Demolition and construction permits have been issued for 1753 Wylie Street in Francisville, North Philadelphia. The permits call for tearing down a three-story prewar rowhouse at the south corner of Wylie Street and Perkiomen Street, and replacing it with a four-story, 45-foot-tall, five-unit multi-family building with bay windows and a roof deck. Morrissey Design LLC is the designer. Christine and Wendy Tucker are the listed owners.
The development gained a bonus of an extra unit and seven feet in height by utilizing the mixed-income dwelling bonus (as per code section 14-702 (7)(c)(.3)).
The prewar building’s near-windowless wall facing Wylie Street and the mid-block streetwall setback at Perkiomen Street create an unusual design that differs from the average corner rowhouse.

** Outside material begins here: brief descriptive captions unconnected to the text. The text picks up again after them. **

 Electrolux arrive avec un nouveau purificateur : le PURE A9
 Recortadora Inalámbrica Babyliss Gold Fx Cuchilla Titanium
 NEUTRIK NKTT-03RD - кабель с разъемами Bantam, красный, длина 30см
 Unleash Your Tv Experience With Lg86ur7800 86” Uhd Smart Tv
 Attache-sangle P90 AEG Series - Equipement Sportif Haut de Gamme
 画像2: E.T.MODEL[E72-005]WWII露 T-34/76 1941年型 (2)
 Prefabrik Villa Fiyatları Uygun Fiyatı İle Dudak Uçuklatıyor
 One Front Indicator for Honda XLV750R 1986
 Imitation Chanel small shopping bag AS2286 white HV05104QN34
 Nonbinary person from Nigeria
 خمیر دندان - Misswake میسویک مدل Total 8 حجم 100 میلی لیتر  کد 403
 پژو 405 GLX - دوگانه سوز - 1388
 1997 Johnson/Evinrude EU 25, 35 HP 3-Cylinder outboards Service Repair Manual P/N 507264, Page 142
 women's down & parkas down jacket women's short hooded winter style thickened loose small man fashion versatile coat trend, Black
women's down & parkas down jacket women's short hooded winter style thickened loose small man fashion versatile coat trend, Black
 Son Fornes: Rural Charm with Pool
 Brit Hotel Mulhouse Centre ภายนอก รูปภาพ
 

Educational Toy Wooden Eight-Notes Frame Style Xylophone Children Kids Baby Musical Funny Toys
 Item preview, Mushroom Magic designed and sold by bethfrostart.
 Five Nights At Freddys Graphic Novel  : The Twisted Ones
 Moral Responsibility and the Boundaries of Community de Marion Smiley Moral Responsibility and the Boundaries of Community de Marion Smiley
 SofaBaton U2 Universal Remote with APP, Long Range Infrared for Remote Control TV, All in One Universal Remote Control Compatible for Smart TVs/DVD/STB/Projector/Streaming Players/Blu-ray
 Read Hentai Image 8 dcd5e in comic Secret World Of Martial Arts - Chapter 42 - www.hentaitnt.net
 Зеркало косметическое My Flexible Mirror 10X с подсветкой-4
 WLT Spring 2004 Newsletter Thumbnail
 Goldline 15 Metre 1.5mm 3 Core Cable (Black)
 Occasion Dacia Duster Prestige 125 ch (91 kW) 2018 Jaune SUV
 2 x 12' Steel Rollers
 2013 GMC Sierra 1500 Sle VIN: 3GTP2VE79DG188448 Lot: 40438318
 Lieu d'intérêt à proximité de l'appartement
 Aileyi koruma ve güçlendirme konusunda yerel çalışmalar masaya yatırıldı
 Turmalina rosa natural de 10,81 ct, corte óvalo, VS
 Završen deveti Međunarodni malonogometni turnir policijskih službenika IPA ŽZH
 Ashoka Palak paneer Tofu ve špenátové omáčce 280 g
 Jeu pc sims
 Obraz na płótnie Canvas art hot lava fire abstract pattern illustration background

Otherwise, the building is rather unremarkable, distinguished only by an ornate cornice with a garland course, scrolled corbel brackets, and corner finials with flower rosettes and ogee-curved caps. The walls, which were likely originally clad in exposed brick, have been covered with white and light gray stucco, which weathered poorly over the years. As such, the building’s destruction will not be overly detrimental to the local streetscape, especially considering the density bonus the structure will bring to the area.
Francisville is a small neighborhood located north of Fairmount Avenue that is notable for its unique streets that run at roughly 45 degrees in relation to the prevailing city grid. Given its location close to the Broad Street SEPTA line, three-quarter-mile proximity to both Center City to the south and Temple University to the north, and nearby commercial strips at Fairmount Avenue and Spring Garden Street, the neighborhood has seen a surge in medium-density construction in recent years. Given its remaining number of viable sites for development, the neighborhood is capable of absorbing further growth without serious detriment to its existing stock of prewar buildings.